(Task objective): Pictures stay out of your copy, but everything else in the records below must be repeated exactly.

(Records for the exercise):

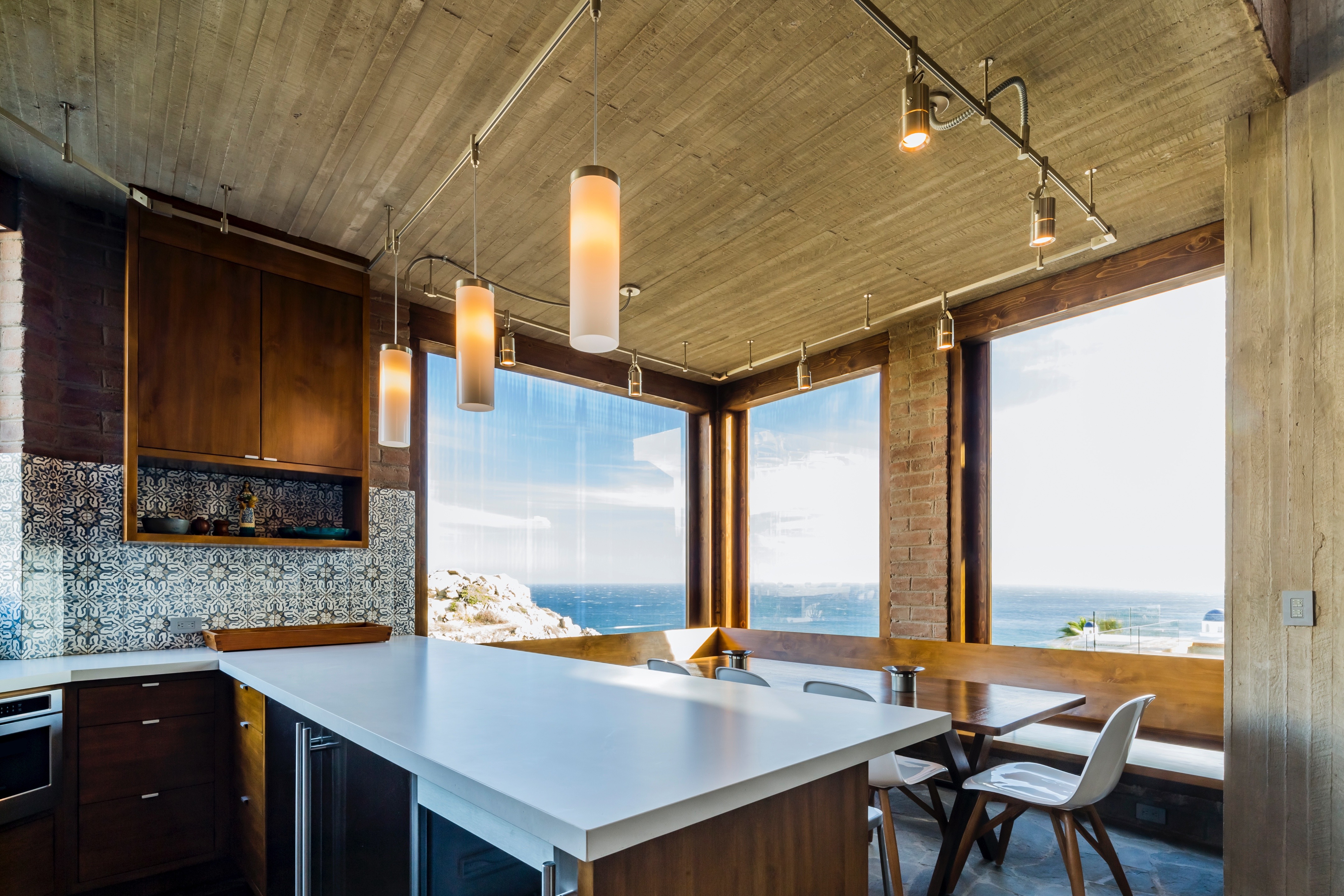 海滩家居翻新设计-8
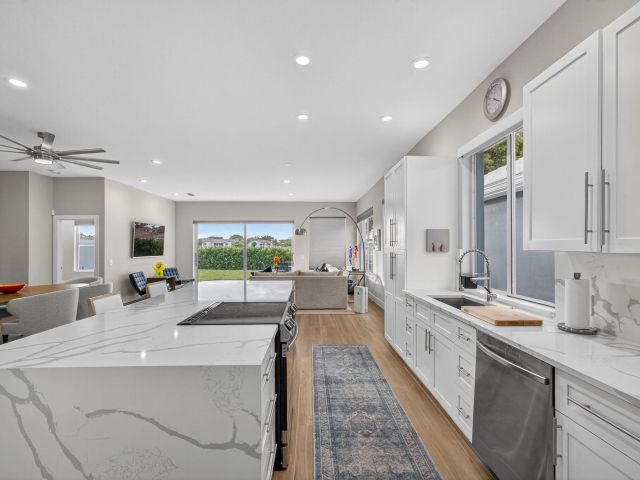 Home for rent at 945 Bear Island Circle - photo 6893835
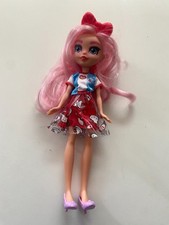 hello kitty doll for sale hello kitty doll for sale HEREFORD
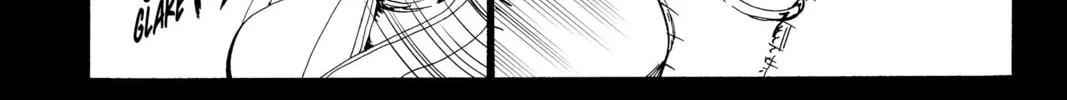 Read Orient chapter 127 image 21 on Lezhin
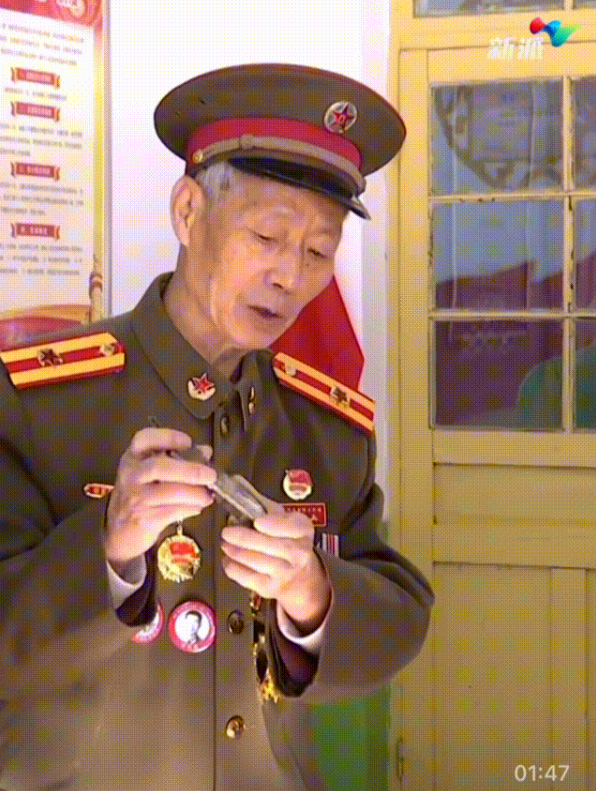 ScreenShot_2025-11-17_154051_876.png ScreenShot_2025-11-17_154051_876.png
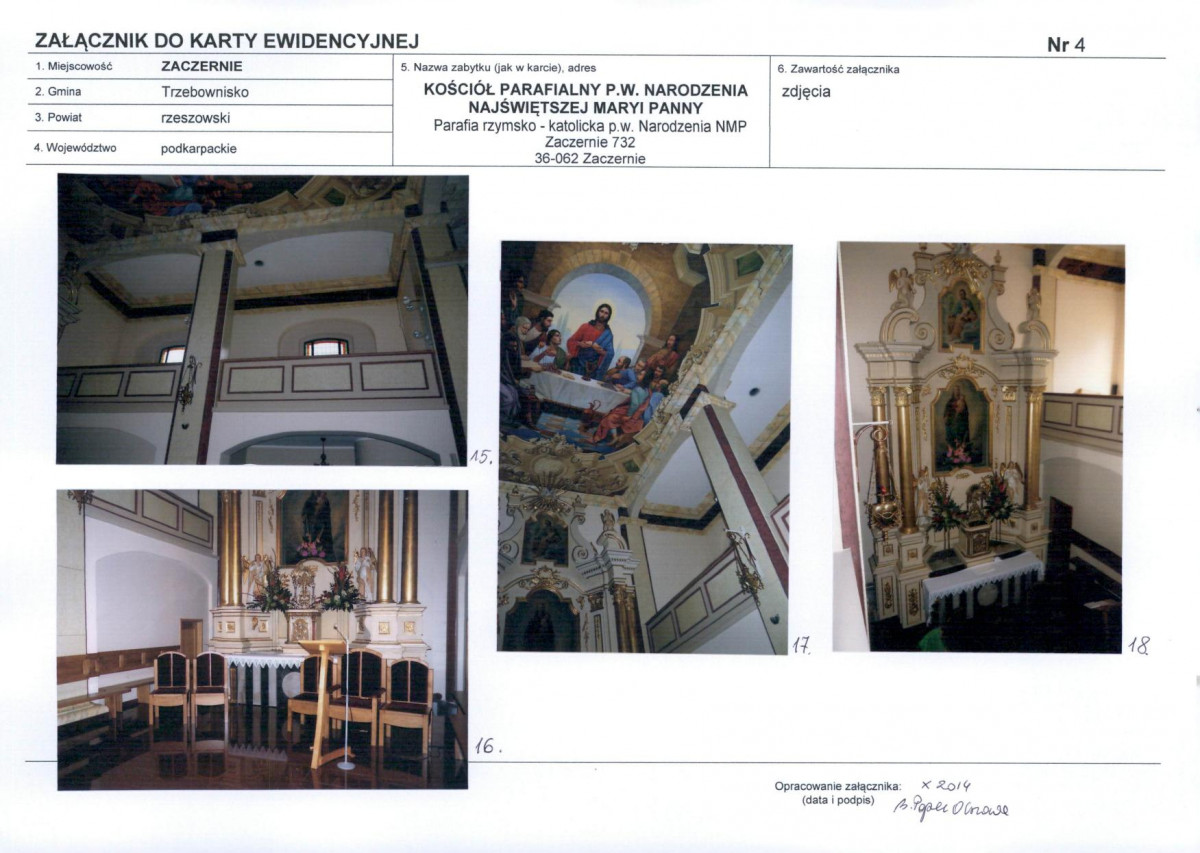 Karta biała, skan nr 11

(Output for this exercise):
 海滩家居翻新设计-8
 Home for rent at 945 Bear Island Circle - photo 6893835
 hello kitty doll for sale hello kitty doll for sale HEREFORD
 Read Orient chapter 127 image 21 on Lezhin
 ScreenShot_2025-11-17_154051_876.png ScreenShot_2025-11-17_154051_876.png
 Karta biała, skan nr 11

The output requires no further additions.